1 The parameters.txt file

In this step, we create the parameters.txt file, that should be saved with the data.

This file contains the parameters for the model specification and fitting.

We restate hereafter the important pages to look at to understand these parameters and their effects on the model specifications and fits. Do not hesitate to play around these parameters to better understand them!

2 A complete example of the parameters.txt file.

To start, we present below an example of the file:

{
"Scaling" : "Scaling_ToDefine",
"modelType" : "Model_ToDefine",
"lengthscale_prior": None, 
"lengthscale_MinConstraint" : "lengthscale_Constraint_ToDefine", 
"mean" : "gpytorch.means.ZeroMean()", 
"control_condition": "ControlCondition_ToDefine", 
"training_iterations": 500 , 
"LearningRate" : 0.1,
"Amsgrad" : False, 
"n_PredictionsPoints" : 50, 
"PlotSave" : True, 
"prediction_type" : "predicted_functions",
"GPMelt_statistic" : "Statistic_ToDefine"
}

Note:

  1. These parameters cannot be left blank!
  2. The following values in the example below do not correspond to default values of the parameters and should be consciously chosen by the user: Scaling, modelType, lengthscale_MinConstraint, control_condition, GPMelt_statistic.

We now go step by step to explain this parameters.txt file.

4 Parameters for the model estimation

Following Gpytorch(Gardner et al. 2018) routine, we use Type II MLE to train the hyper-parameters of the full HGP model \(\mathcal{M}_1\). Some parameters of this algorithm can be tuned, see here, section 5.

4.1 Number of iterations

1'training_iterations': 500
1
A larger number of iterations might be required if the model is more complex (e.g. a large number of conditions).

4.2 Learning rate

Also see Gpytorch documentation for more information.

1'LearningRate': 0.1
1
Can be adjusted if needed

4.3 Whether to use the AMSGrad variant of the Adam algorithm

Also see the Adam documentation for more information.

1'Amsgrad' : False
1
Can be set to True or False

4.4 Number of points in which to predict the posterior mean and 95% confidence regions

See here, section 8, for a visualisation of how this number of points affect the prediction.

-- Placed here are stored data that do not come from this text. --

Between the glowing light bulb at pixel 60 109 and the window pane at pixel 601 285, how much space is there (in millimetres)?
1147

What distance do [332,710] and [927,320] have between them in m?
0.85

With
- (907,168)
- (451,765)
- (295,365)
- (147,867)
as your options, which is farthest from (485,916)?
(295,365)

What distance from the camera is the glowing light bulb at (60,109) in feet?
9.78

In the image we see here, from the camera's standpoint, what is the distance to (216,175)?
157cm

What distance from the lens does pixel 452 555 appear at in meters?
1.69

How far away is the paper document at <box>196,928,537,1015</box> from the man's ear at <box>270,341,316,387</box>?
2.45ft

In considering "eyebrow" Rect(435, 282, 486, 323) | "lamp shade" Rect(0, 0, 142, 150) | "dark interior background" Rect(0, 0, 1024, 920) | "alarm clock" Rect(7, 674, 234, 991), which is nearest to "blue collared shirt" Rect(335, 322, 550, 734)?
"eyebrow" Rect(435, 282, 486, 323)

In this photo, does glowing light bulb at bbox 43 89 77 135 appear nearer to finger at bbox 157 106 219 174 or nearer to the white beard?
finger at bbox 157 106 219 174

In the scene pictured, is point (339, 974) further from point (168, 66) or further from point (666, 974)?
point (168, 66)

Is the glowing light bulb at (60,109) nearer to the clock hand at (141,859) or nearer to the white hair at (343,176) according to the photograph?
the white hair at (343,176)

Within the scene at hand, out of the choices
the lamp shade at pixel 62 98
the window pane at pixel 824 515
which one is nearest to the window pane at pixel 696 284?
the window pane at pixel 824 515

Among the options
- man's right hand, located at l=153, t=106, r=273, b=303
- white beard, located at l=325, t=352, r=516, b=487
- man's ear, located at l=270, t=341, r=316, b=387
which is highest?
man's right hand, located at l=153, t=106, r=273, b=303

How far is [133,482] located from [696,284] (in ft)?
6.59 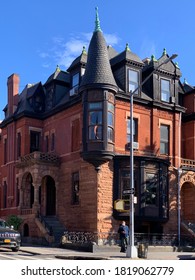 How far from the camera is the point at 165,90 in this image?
37.7 m

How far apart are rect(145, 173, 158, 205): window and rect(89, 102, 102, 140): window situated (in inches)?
A: 198

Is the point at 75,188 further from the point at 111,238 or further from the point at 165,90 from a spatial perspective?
the point at 165,90

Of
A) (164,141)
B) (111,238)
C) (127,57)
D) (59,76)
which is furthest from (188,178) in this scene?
(59,76)

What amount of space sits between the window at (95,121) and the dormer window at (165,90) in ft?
23.7

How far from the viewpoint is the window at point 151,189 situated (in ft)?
111

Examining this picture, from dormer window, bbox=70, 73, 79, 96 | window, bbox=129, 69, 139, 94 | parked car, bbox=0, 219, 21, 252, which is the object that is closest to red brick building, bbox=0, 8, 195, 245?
window, bbox=129, 69, 139, 94

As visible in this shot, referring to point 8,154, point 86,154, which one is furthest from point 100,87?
point 8,154

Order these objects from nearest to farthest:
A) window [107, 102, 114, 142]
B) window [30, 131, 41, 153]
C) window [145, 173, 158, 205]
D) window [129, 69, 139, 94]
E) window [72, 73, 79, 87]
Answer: window [107, 102, 114, 142] → window [145, 173, 158, 205] → window [129, 69, 139, 94] → window [72, 73, 79, 87] → window [30, 131, 41, 153]

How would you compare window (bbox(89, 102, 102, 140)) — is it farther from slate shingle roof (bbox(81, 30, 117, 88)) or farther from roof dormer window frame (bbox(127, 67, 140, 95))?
roof dormer window frame (bbox(127, 67, 140, 95))

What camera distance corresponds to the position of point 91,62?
32.9 metres

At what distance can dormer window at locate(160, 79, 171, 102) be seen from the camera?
3740 centimetres

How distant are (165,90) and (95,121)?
27.0 ft

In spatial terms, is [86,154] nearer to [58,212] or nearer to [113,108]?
[113,108]

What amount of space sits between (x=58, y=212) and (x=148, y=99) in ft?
35.9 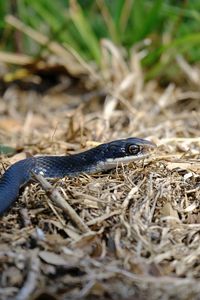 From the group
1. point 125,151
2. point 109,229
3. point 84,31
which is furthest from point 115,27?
point 109,229

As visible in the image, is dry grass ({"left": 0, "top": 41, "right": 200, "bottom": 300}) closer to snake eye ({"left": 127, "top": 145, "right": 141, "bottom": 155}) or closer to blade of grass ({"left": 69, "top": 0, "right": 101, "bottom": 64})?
snake eye ({"left": 127, "top": 145, "right": 141, "bottom": 155})

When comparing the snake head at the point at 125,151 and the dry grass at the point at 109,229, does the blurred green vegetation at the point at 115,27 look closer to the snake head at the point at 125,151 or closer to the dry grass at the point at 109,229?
the dry grass at the point at 109,229

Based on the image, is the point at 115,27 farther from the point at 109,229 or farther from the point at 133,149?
the point at 109,229

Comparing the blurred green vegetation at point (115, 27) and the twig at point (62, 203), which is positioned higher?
the blurred green vegetation at point (115, 27)

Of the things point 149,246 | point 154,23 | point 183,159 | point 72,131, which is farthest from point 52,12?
point 149,246

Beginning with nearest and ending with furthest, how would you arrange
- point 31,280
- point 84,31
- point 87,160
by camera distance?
point 31,280, point 87,160, point 84,31

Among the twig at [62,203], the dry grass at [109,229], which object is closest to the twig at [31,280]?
the dry grass at [109,229] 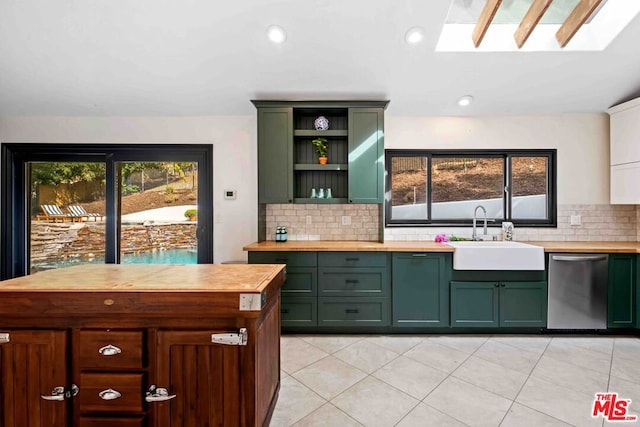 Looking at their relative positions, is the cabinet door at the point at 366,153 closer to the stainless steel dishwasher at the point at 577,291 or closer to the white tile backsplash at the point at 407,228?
the white tile backsplash at the point at 407,228

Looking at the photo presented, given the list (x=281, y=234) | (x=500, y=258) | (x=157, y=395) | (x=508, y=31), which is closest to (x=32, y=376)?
(x=157, y=395)

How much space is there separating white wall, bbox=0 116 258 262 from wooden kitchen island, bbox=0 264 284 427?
2.10 m

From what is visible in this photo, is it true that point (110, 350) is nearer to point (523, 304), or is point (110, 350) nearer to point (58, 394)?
point (58, 394)

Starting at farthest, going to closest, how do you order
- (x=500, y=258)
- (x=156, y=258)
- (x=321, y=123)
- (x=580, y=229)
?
(x=156, y=258) < (x=580, y=229) < (x=321, y=123) < (x=500, y=258)

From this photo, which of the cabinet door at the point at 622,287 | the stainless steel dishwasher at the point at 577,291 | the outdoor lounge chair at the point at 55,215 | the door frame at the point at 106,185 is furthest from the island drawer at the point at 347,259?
the outdoor lounge chair at the point at 55,215

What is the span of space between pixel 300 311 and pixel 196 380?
1.58 meters

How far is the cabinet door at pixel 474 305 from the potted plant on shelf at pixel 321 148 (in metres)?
1.84

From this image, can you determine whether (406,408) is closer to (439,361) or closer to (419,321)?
(439,361)

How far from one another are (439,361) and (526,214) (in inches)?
86.7

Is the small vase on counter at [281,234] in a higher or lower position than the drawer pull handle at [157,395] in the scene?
higher

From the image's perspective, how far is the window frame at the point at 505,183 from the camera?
11.2 feet

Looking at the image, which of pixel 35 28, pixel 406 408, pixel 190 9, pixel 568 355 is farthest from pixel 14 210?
pixel 568 355

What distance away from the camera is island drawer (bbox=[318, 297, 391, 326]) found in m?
2.89

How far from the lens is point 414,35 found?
7.93 ft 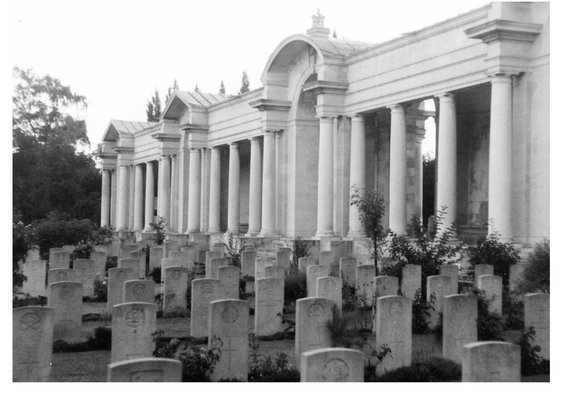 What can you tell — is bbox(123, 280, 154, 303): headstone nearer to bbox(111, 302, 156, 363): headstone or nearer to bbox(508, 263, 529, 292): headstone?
bbox(111, 302, 156, 363): headstone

1'n_PredictionsPoints' : 50
1
Can be adjusted if needed

4.5 Application to ATP 2019

In (Le Sueur, Rattray, and Savitski 2024), the following values have been selected:

'training_iterations': 500
'LearningRate': 0.1, 
'Amsgrad' : False ,
'n_PredictionsPoints' : 50 

5 Parameters for the plots

5.1 Type of predictions for the fits plots

1"prediction_type" : "prediction_type_ToDefine"
1
Can take values predicted_functions or predicted_observations.

We refer to the GPyTorch documentation about GP regression:

  • predicted_functions : returns the model posterior distribution \(p(f* | x*, X, y)\), for training data \(X, y\). This posterior is the distribution over the function we are trying to model, and thus quantifies our model uncertainty.
  • predicted_observations : returns the posterior predictive distribution \(p(y* | x*, X, y)\) which is the probability distribution over the predicted output value \(\Rightarrow\) here the prediction is over the observed value of the test points.

5.2 Should the set of plots generated for each ID (monitoring convergence, depicting the fits and the covariance matrices of the full and joint models) be saved?

1'PlotSave' : True
1
Can be changed to False if needed

5.3 Application to ATP 2019

In (Le Sueur, Rattray, and Savitski 2024), the following values have been selected:

"prediction_type" : "predicted_functions",
'PlotSave' : True

7 The complete parameters.txt file for the ATP 2019

{
"Scaling" : None,
"modelType" : "3Levels_OneLengthscale_FixedLevels1and2and3",
"lengthscale_prior": None, 
"lengthscale_MinConstraint" : "min", 
"mean" : "gpytorch.means.ZeroMean()", 
"control_condition": "Vehicle", 
"training_iterations": 500 , 
"LearningRate" : 0.1,
"Amsgrad" : False, 
"n_PredictionsPoints" : 50, 
"PlotSave" : True, 
"prediction_type" : "predicted_functions",
"GPMelt_statistic" : "dataset-wise"
}

7.1 Save the parameters.txt file

The updated parameters.txt file should be saved in the folder Nextflow/dummy_data/ATP2019, using the name parameters.txt.

References

Gardner, Jacob, Geoff Pleiss, Kilian Q Weinberger, David Bindel, and Andrew G Wilson. 2018. “Gpytorch: Blackbox Matrix-Matrix Gaussian Process Inference with Gpu Acceleration.” Advances in Neural Information Processing Systems 31.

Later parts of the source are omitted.